## PROBLEM TO SOLVE
Return all of the entries, keeping every word and mark as it is.

Short text fragments from websites
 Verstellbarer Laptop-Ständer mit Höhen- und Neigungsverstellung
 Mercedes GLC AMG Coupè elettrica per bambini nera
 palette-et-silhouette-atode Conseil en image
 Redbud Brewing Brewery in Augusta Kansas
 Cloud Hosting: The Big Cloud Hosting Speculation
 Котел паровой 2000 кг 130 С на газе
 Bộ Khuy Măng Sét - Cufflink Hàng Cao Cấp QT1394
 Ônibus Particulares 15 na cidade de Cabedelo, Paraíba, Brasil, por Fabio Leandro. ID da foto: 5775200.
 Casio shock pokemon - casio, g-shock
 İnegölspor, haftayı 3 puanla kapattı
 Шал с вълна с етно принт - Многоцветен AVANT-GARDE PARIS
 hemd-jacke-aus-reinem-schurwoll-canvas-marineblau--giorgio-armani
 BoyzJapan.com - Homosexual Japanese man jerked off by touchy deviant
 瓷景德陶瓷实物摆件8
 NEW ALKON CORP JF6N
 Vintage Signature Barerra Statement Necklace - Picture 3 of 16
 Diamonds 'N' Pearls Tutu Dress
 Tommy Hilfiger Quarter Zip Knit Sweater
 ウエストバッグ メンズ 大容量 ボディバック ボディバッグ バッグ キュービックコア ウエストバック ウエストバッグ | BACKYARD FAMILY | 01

## SOLUTION FOR THIS TASK
 Verstellbarer Laptop-Ständer mit Höhen- und Neigungsverstellung
 Mercedes GLC AMG Coupè elettrica per bambini nera
 palette-et-silhouette-atode Conseil en image
 Redbud Brewing Brewery in Augusta Kansas
 Cloud Hosting: The Big Cloud Hosting Speculation
 Котел паровой 2000 кг 130 С на газе
 Bộ Khuy Măng Sét - Cufflink Hàng Cao Cấp QT1394
 Ônibus Particulares 15 na cidade de Cabedelo, Paraíba, Brasil, por Fabio Leandro. ID da foto: 5775200.
 Casio shock pokemon - casio, g-shock
 İnegölspor, haftayı 3 puanla kapattı
 Шал с вълна с етно принт - Многоцветен AVANT-GARDE PARIS
 hemd-jacke-aus-reinem-schurwoll-canvas-marineblau--giorgio-armani
 BoyzJapan.com - Homosexual Japanese man jerked off by touchy deviant
 瓷景德陶瓷实物摆件8
 NEW ALKON CORP JF6N
 Vintage Signature Barerra Statement Necklace - Picture 3 of 16
 Diamonds 'N' Pearls Tutu Dress
 Tommy Hilfiger Quarter Zip Knit Sweater
 ウエストバッグ メンズ 大容量 ボディバック ボディバッグ バッグ キュービックコア ウエストバック ウエストバッグ | BACKYARD FAMILY | 01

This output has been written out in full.